This remake plainly decided to upgrade the 1958 classic with rebellious youth, timid sex, and a silver platter of potent special effects. In terms of metaphors, the film is a pan filled with surgical tools. Now which tool to use in order to play a precise and specific death is its choice. In some ways, the special effects in The Blob are completely beyond words. The slime effects and acidic touch to the melting skin "wows" me repeatedly. I don't think I'll ever get over how ahead of the time this film was. Well, it was until fault lay blame on Kevin Dillon's mullet. I feel ethically responsible enough on behalf as reviewer to tell you that the effects in this film is an unholy conjoining of Street Trash and John Carpenter's The Thing. This alone should tell you all you need to know.

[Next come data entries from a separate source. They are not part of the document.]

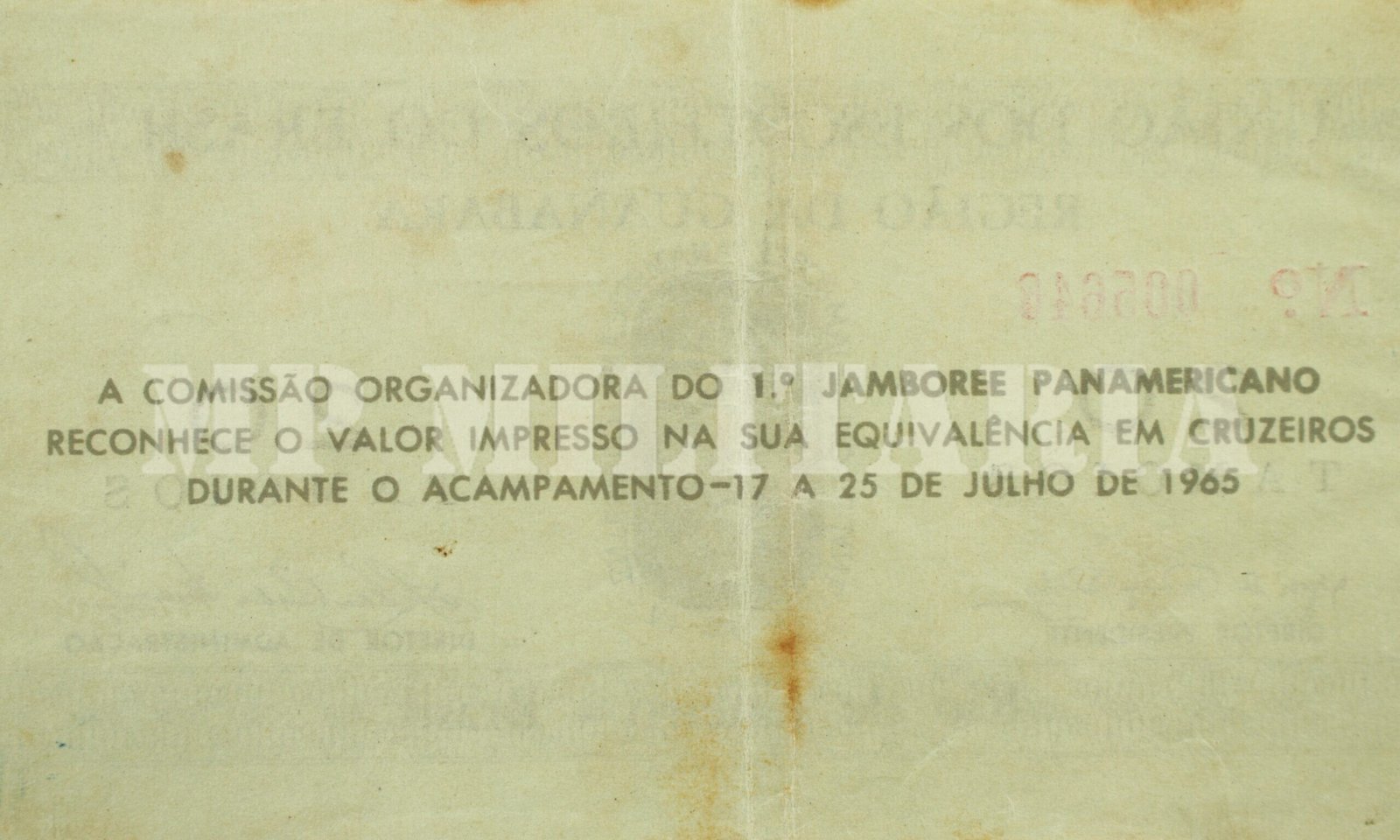 CÉDULA DOS ESCOTEIROS DO BRASIL, 20 TAMOIOS • REGIÃO DA GUANABARA – 1965 - Imagem 5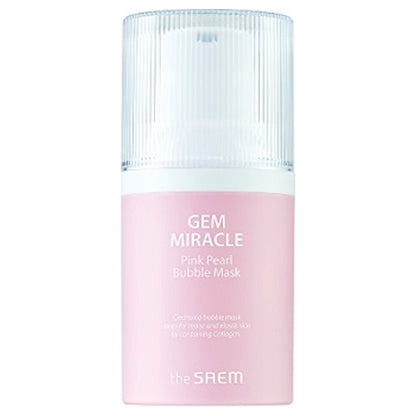 the SAEM Gem Miracle Pink Pearl Bubble Mask, 50g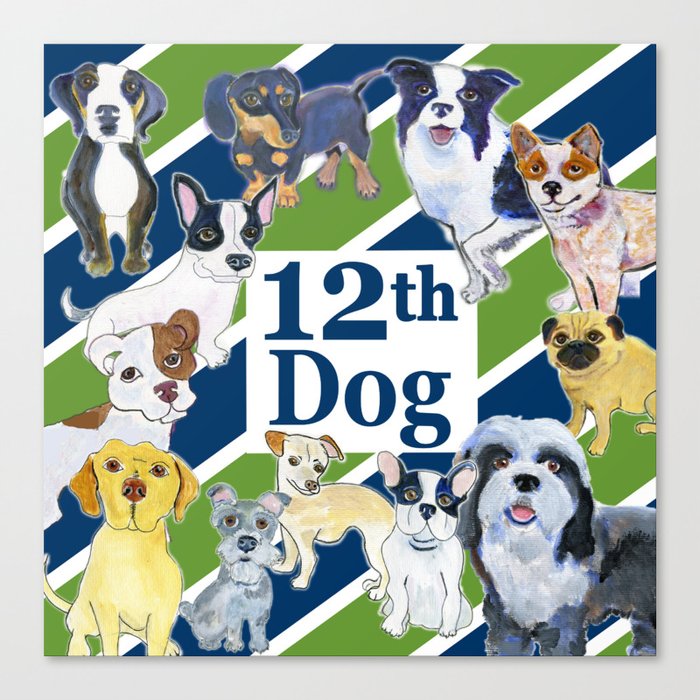 12th dog Canvas Print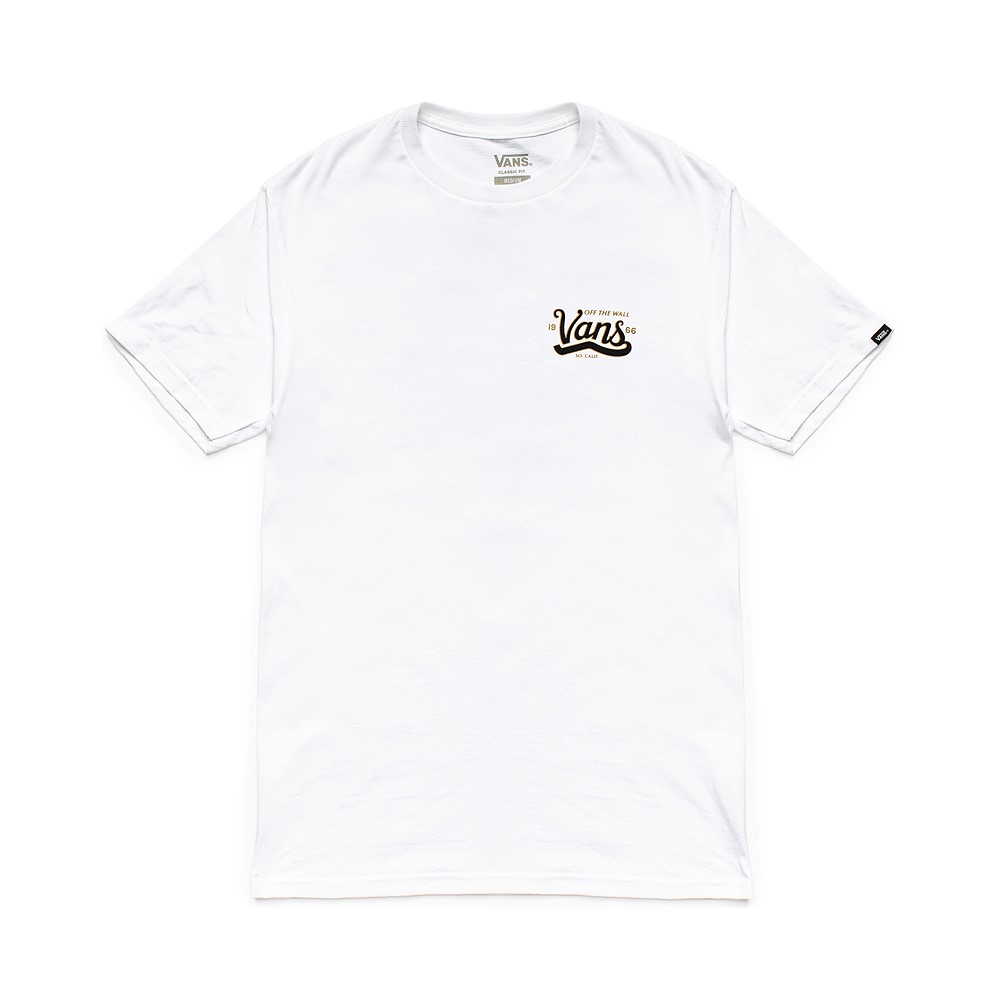 vans white tee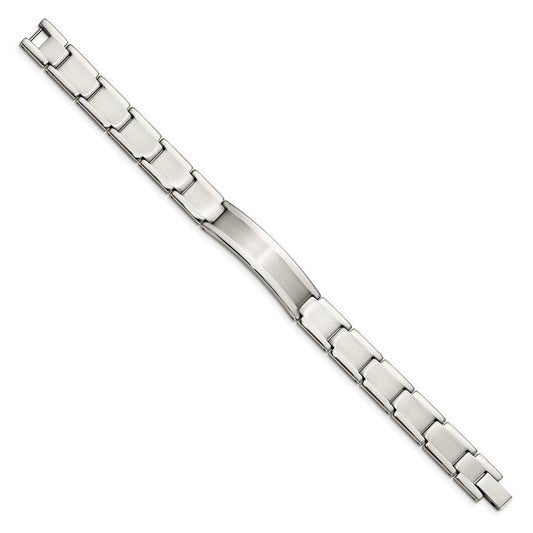Chisel Stainless Steel Brushed and Polished 8.25 inch ID Bracelet SRB1619-9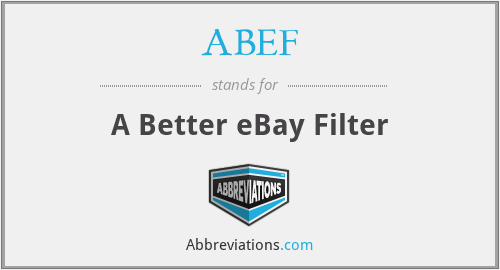 ABEF - A Better eBay Filter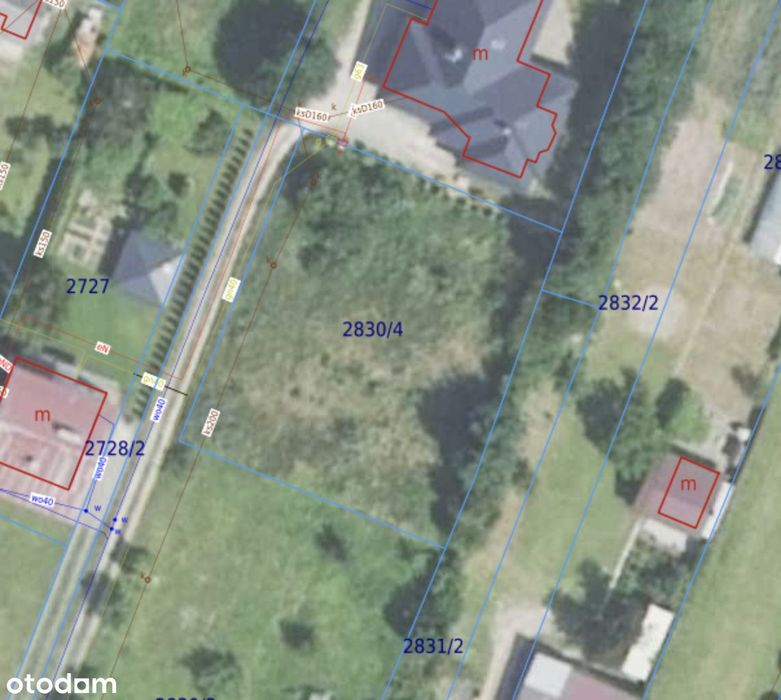 Działka budowlana Sanok – 10 arów, pełne uzbrojenie, idealny kształt - Widok 2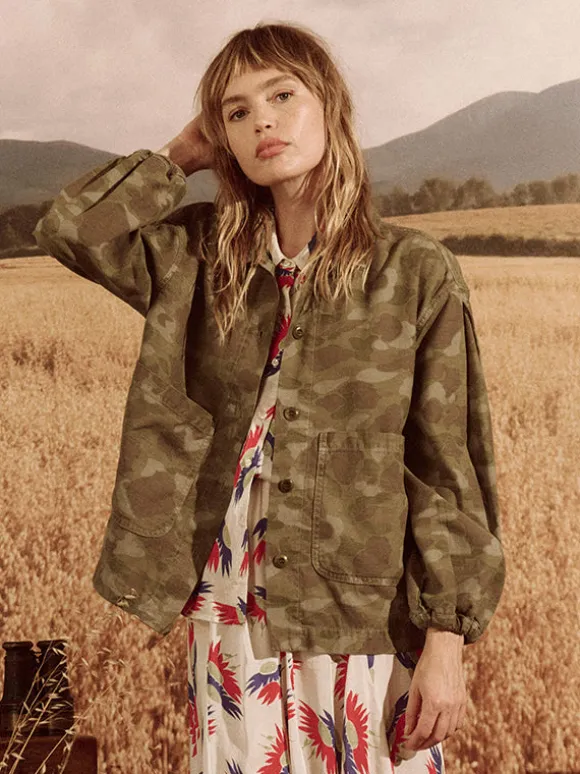 Blouson Sleeve Chore Jacket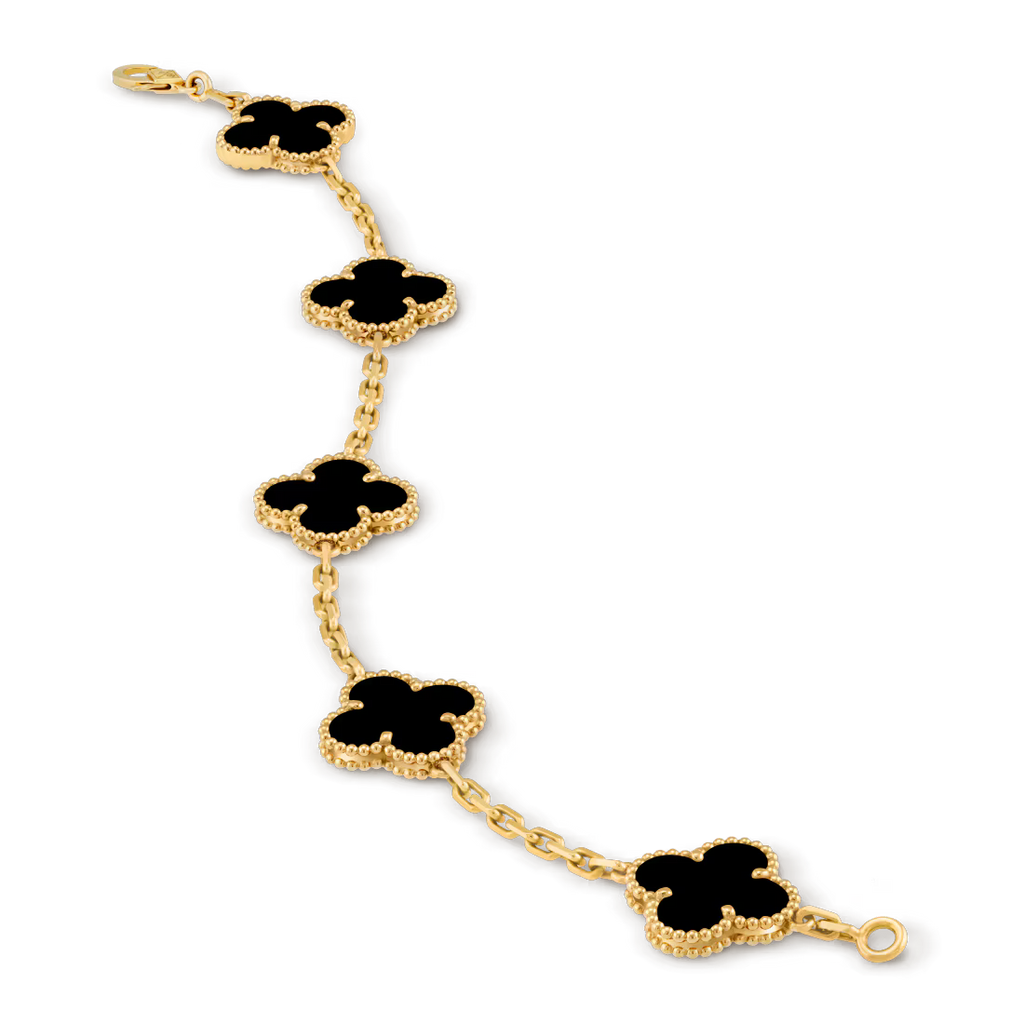 Vintage Alhambra bracelet, 5 motifs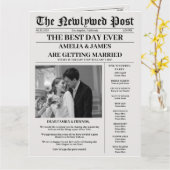 Zeitungszeitschrift Karte (Gelbe Blume)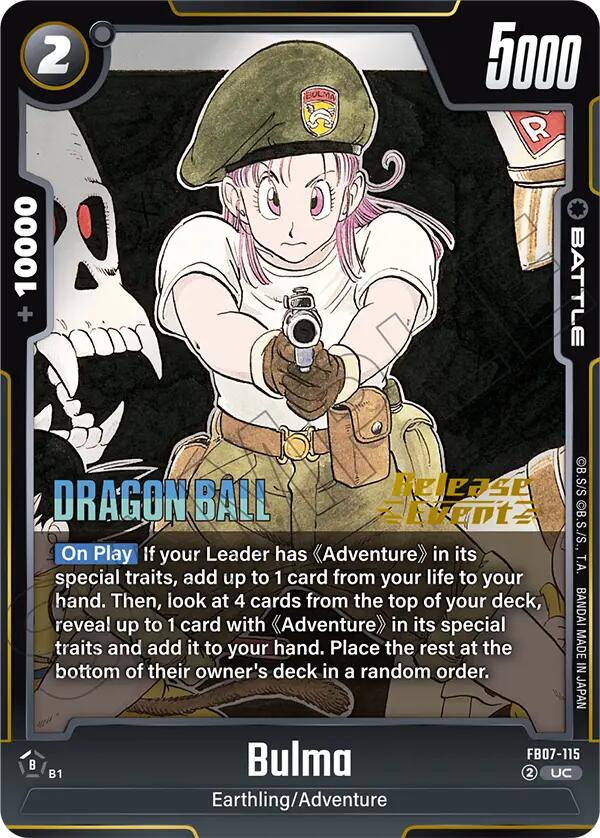 Bulma (FB07-115) [Manga Booster 02 Release Event Cards] | Devastation Store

Starring a young Shawnee Smith, who still had a dependable agent, the youth cast in this film is introduced without a moments hesitation only to serve as mindless cattle as soon as the "blob" hits the fan. I found myself shocked by the sheer quantity of deaths in this film. In material covering killer slime, a departure was much needed to save from the tedious hassle of an unnoticeable body count and the lack of laced humor. If The Blob had attempted to strictly follow the suit of a horror or even a horror drama, the result would have been questionable and laughable. The Blob is laughable, but in a relative way. Watching a citizen dive for safety only to be smashed and absorbed by a tendril is deserving of its own popcorn bowl.
For any fans of killer slime, check out William Essex's novel simply titled Slime.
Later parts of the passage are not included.